Terrorists actually blowing people up? Nary a peep!
Wretchard wrote:
"Ultimately fighting extremism in the 21st century is a race to see which side can use technology better."
Islamist terrorists tipped their hand, via 9/11, on their strategy of using technology to bring down the 'West' (and whomever else is not submitting) and restore the rightful culture of 7th century Arabia (enhanced with technological access to pornography, to judge by evidence the noble jihadists leave behind).
I am shocked (not that I should be) that there is a lot of public handwringing about the cost of the War on Terror. But one never hears discussion that brings in the counterbalancing/contextualizing information regarding the costs of 9/11. The estimates of those costs are the immediate ones and ripple effect ones, from the cost of building and planes, to the cost of implementing new security procedures, to the cost of lost investment opportunities in developing markets that may be subject to terrorism. I have seen estimates of 9/11 costing the U.S. up to two trillion dollars. I don't know what figure economists would settle upon.
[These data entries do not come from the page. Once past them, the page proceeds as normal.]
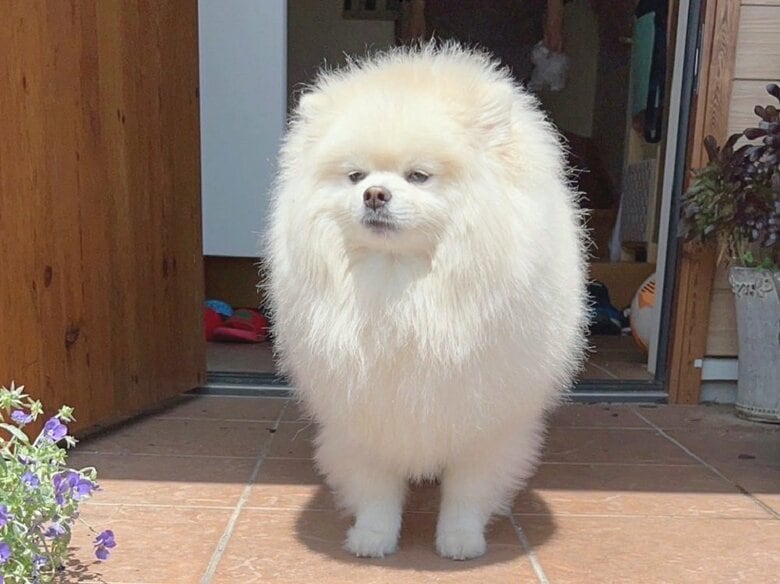 「まぶしい…」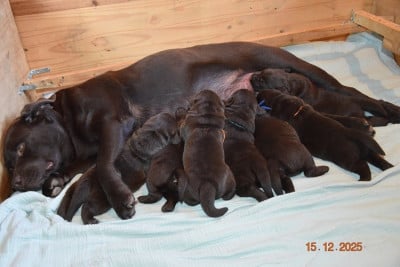 Les chiots de Labrador Retriever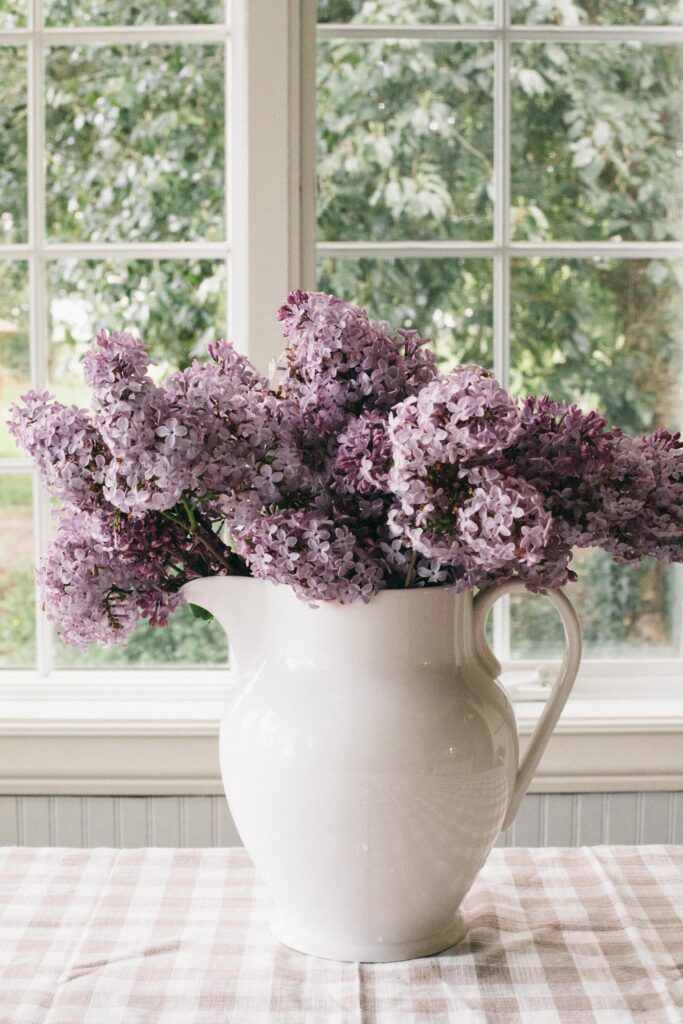 Photo of a white pitcher full of lilacs sitting on a table with a gingham tablecloth with a white window in the background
But it's clear to me, if not to the media pundits, that the cost of doing nothing regarding terrorism has been, and would probably be again, much higher than the cost of waging the current war (which at least provides, as a benefit, redistribution of taxpayer funds into U.S. heavy industries.)
Hate to say this, but
The quality of that video recording is excellent. The resolution of the picture would do a cinematographer proud, and the landscape framing would be expected of a Hollywood director.
No herky-jerky amateur camera work, ala Blair Witch Project, for those jihadis.
The enemy realizes that if it's going to produce propaganda, it better be of high quality to impress the technologically-savvy dhimmis.
John J. Coupal said:
"The quality of that video recording is excellent. The resolution of the picture would do a cinematographer proud, and the landscape framing would be expected of a Hollywood director."
Perhaps some Hollywood moonbat made the video recording for them (paging Michael Moore!). Would it be less of a surprise that an illiterate goat herder made the video?